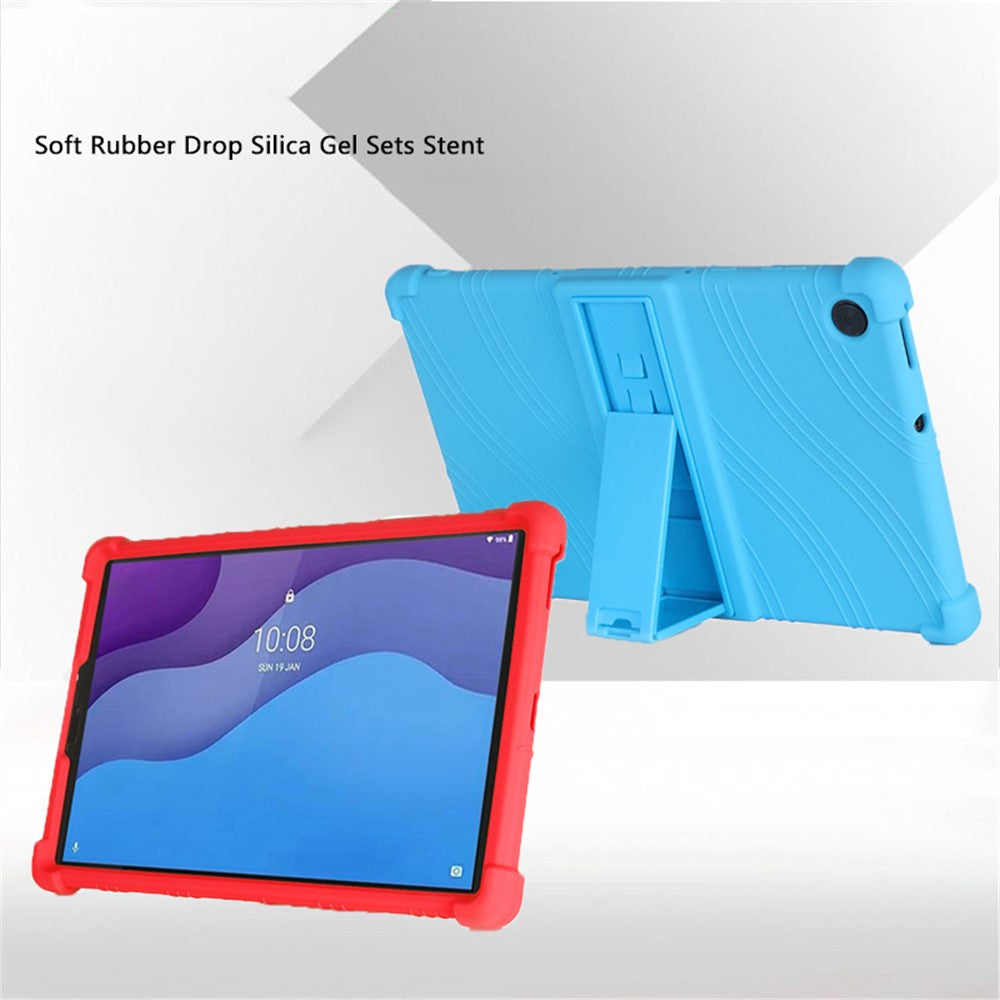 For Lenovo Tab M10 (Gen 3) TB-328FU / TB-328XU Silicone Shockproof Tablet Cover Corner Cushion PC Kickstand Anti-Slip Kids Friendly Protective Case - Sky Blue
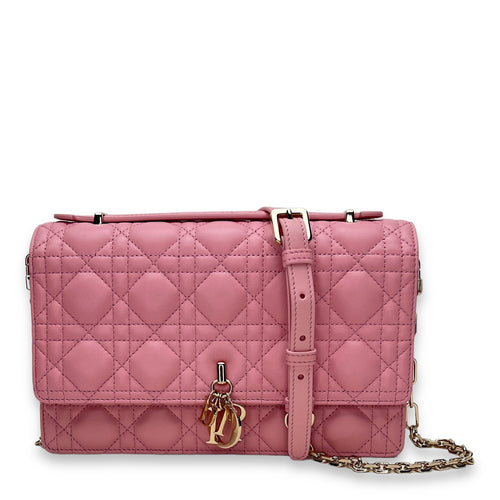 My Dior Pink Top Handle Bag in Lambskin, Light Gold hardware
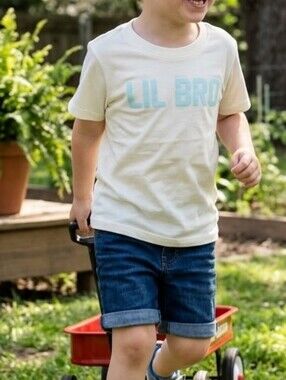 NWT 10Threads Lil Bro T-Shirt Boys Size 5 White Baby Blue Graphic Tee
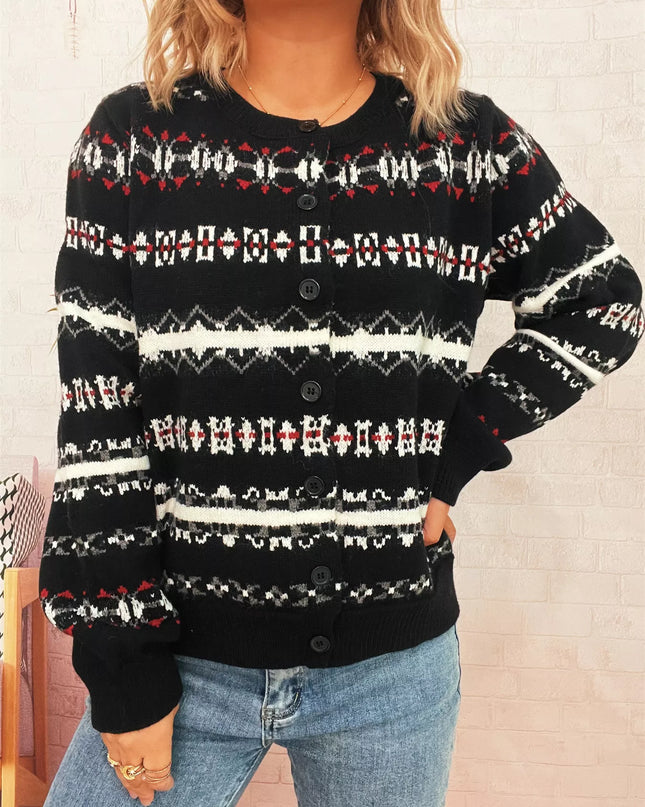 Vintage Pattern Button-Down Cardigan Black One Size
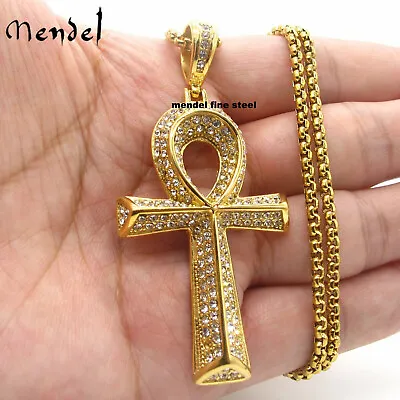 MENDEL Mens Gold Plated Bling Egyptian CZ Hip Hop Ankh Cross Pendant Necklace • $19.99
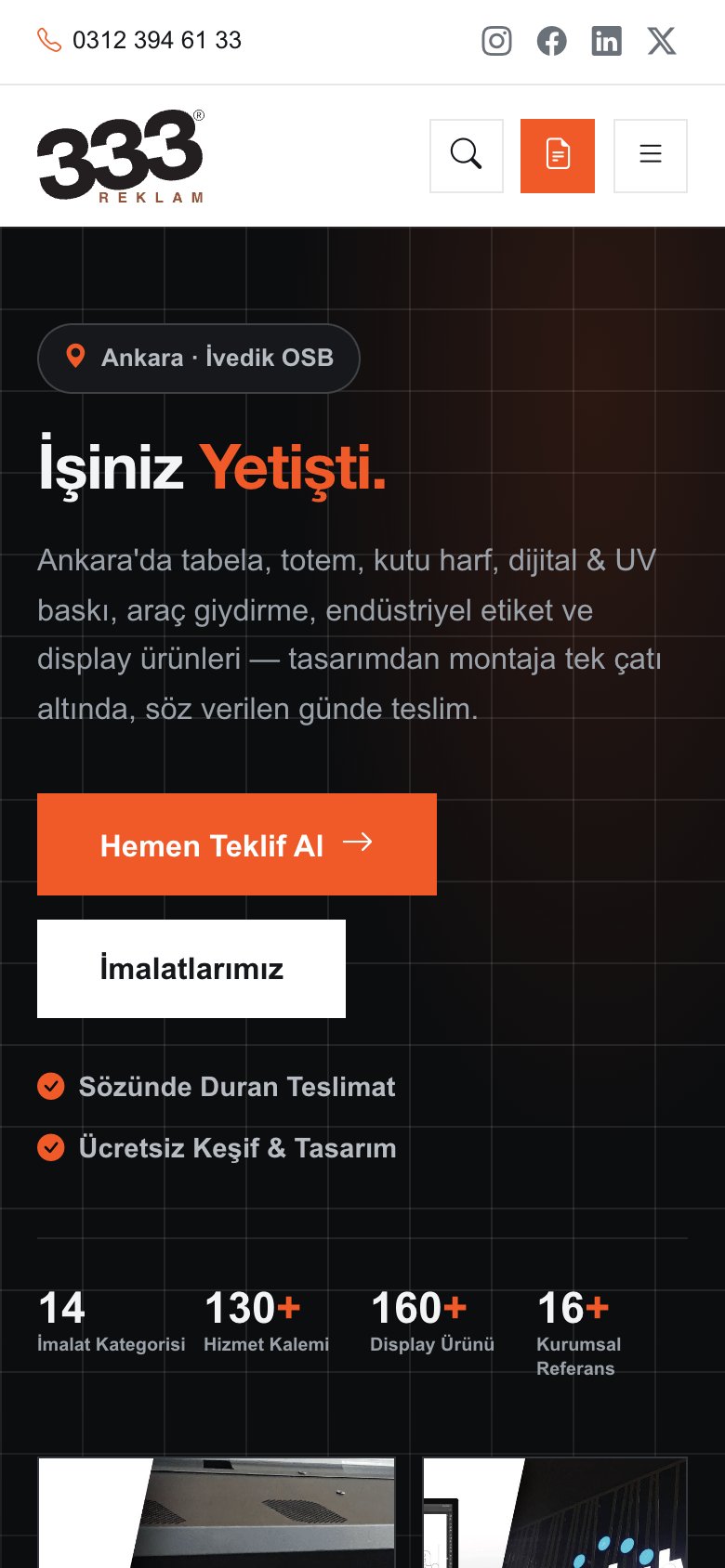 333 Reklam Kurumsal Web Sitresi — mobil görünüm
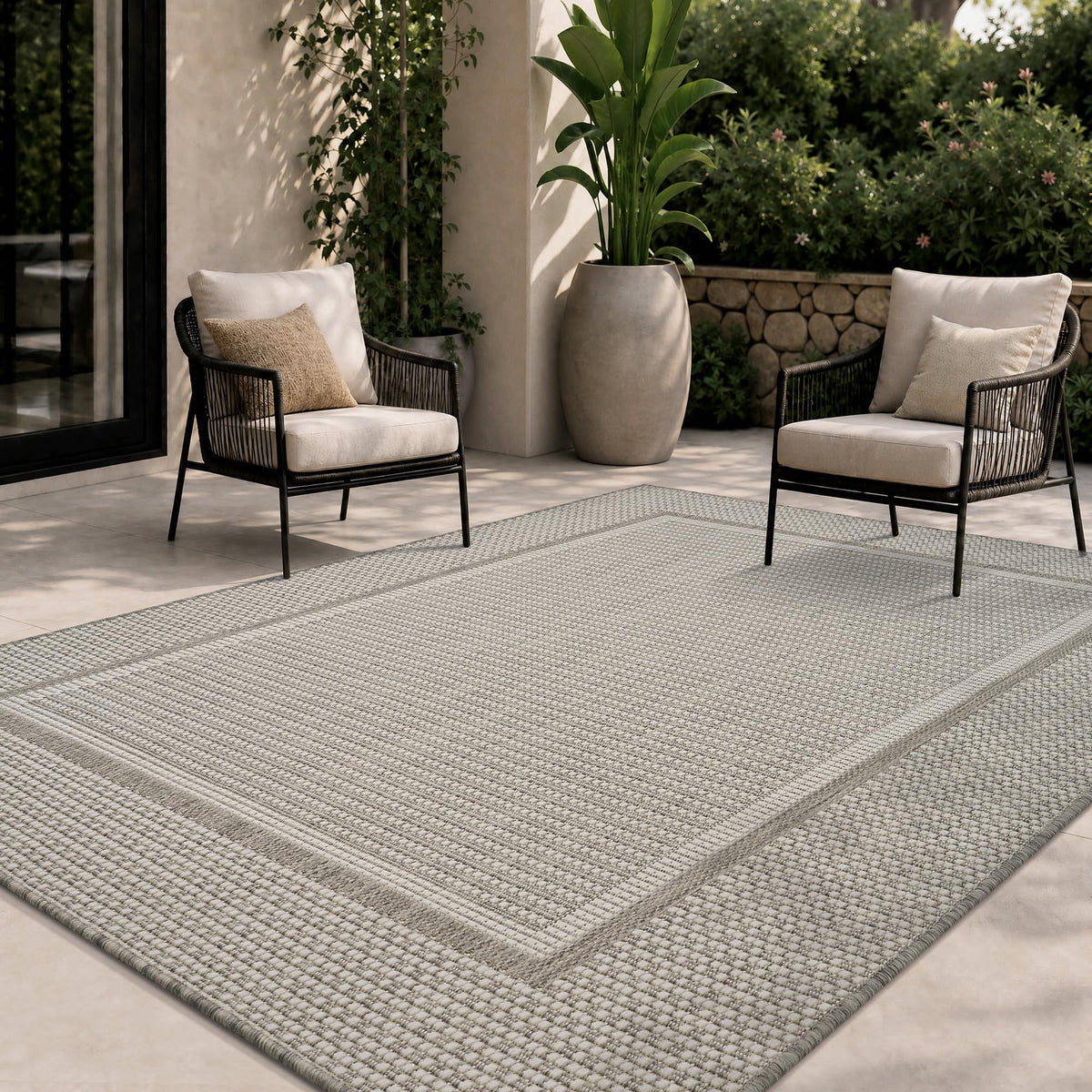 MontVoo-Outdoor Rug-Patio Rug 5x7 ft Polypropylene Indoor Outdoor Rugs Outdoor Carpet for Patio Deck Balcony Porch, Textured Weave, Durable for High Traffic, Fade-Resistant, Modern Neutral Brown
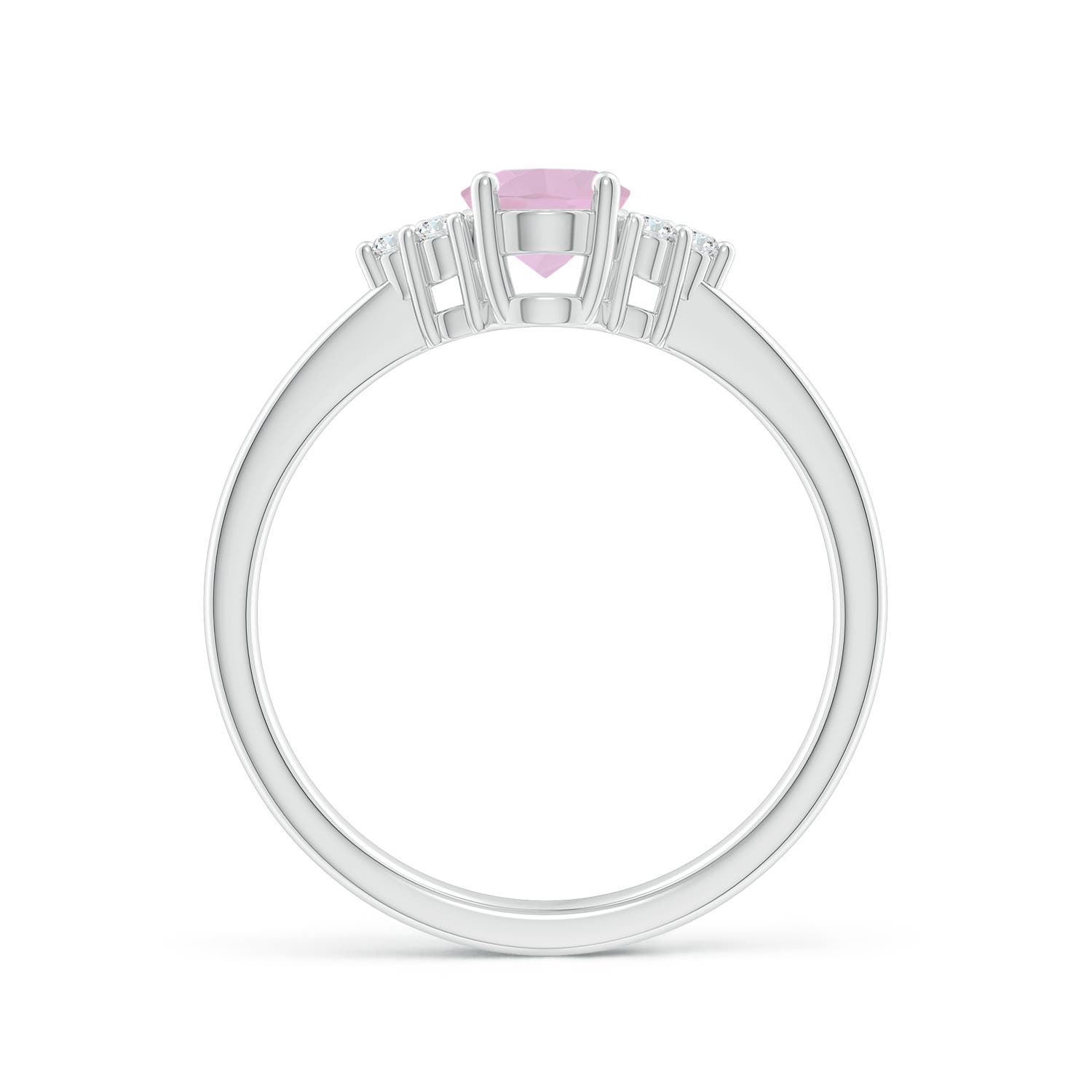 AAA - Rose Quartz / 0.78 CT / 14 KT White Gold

- WHAT THE TASK ASKS
Find the line with "NWT 10Threads Lil". Return it and each line after it through the end of the data, exactly, without pictures.

- EXERCISE ANSWER
 NWT 10Threads Lil Bro T-Shirt Boys Size 5 White Baby Blue Graphic Tee
 Vintage Pattern Button-Down Cardigan Black One Size
 MENDEL Mens Gold Plated Bling Egyptian CZ Hip Hop Ankh Cross Pendant Necklace • $19.99
 333 Reklam Kurumsal Web Sitresi — mobil görünüm
 MontVoo-Outdoor Rug-Patio Rug 5x7 ft Polypropylene Indoor Outdoor Rugs Outdoor Carpet for Patio Deck Balcony Porch, Textured Weave, Durable for High Traffic, Fade-Resistant, Modern Neutral Brown
 AAA - Rose Quartz / 0.78 CT / 14 KT White Gold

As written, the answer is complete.